Basic flow reassembly algorithm:

After we've assembled a complete datagram out of the fragments in the
trace file, it goes for further processing.  The first stage is to
identify the stream to which the packet belongs.

The clever trick here is to define the A and B ends of a session in a
way which means that every packet in the session has the same sid, but
this is easy: just sort the fields.  In particular, of you have the
5-tuple ((hosta,porta),(hostb,portb),protocol), you know that
(porta,hosta)<(portb,hostb) in a lexicographic ordering.

(For protocols which don't have port numbers, like ICMP, or for which
we can't parse enough of the header to find the port number, like ddp,
we define the port numbers to be 0.)

This means that we can easily and unambiguously map from packets to
stream ids, without having to search the flow table, and that if we
have to break a stream due to low memory (see later) you get two
streams with the same name (which should be relatively easy to spot)
rather than one stream called (a,b,proto) and one called (b,a,proto)
(which wouldn't be).

Once we've found the sid, we can just look up the stream in a big hash
table.  The hash table lookup will also allocate new streams if
there's nothing currently in the table with that sid; the
circumstances under which an sid is sufficiently similar to avoid this
control when new connections are reported (more later).

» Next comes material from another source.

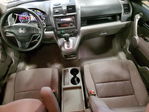 Honda CR-V 2007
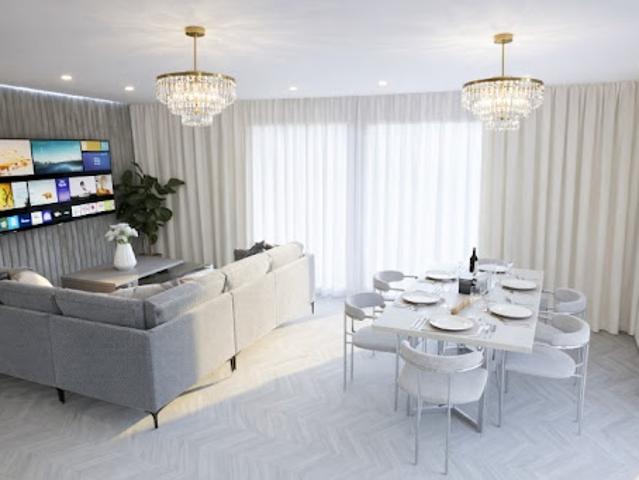 Vente Maison 3 pièces 90 m2 Trigance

Once a flow has been found or created, the datagram is passed to the
state machine:

State machine actions:

-- Datagram has SYN set:
	 -- If it hasn't get ack set, then this direction is marked
	    as being client->server
	 -- The Syn sequence number for this direction is set to whatever
	    this packets syn sequence number was
	 -- The transmitted sequence number is set to this packet's
	    sequence number plus one.
-- Datagram contains data:
	 -- Transmitted sequence number is set to the packet sequence number
	    plus the number of bytes of data in the packet
-- Datagram has fin set:
	 -- Transmitted sequence number is set to the packet sequence number,
	    plus the number of bytes of data in the packet, plus 1.
	 -- fin sequence number is set to the new transmitted sequence
	    number
-- Datagram has ack set:
	 -- If the ack sequence number is equal to the other direction's
	    fin sequence number, set that this direction has acked a fin.
	 -- If both directions have acked fins, mark the connection as
	    being comatose.
-- Datagram has rst set:
	 -- Connection is marked as aborted


In addition, any packet which has SYN set but not ACK marks that
direction of the flow as being client to server; this is used when
writing out the senses file.  If we have a flow A/B/ts, then the table
looks like this:


\ A's
 \c2s   0             1
  \
B's\
c2s \

0       unknown       client/server

1       server/client unknown


Creating new connections
------------------------

A packet is considered to match a connection if the stream ids match, and:

-- If the connection is comatose, the packet must be either a fin
   with the same sequence number as the previous fin in that direction, or
   an ack which acknowledges a fin in the opposite direction, or a RST
   segment.

-- If the connection is aborted, the packet must not have syn set

-- If the packet is neither comatose nor aborted, then no further
   conditions are necessary.

If a packet matches a stream, then it gets added to that stream.  If
there is no such stream, a new one gets created.


There is a slight complication: we only have a finite amount of memory
for streams.  When memory starts running low, we discard the
longest-idle stream; if the stream was neither aborted nor comatose,
and had packets in both directions, we also write a message to the
logfile.  At the end of the run, the critical idle threshold is
printed: this is the idle time of the least-idle discarded stream.


Other tricks
------------

You can change the amount of memory used for buffering by changing
max_buffer_mb.  This can safely be done at runtime by attaching with a
debugger if e.g. you find you've started thrashing three days into a
run.  Note that buffers are managed LRU, and so interactions with the
operating system's swap algorithm are likely to be very nasty.

Changing the buffer size should never effect the final results.

Bugs
----

The memory used for storing out-of-order fragments isn't properly
accounted; if you get too many, you run out of memory and die.  It
should be fairly obvious when this happens.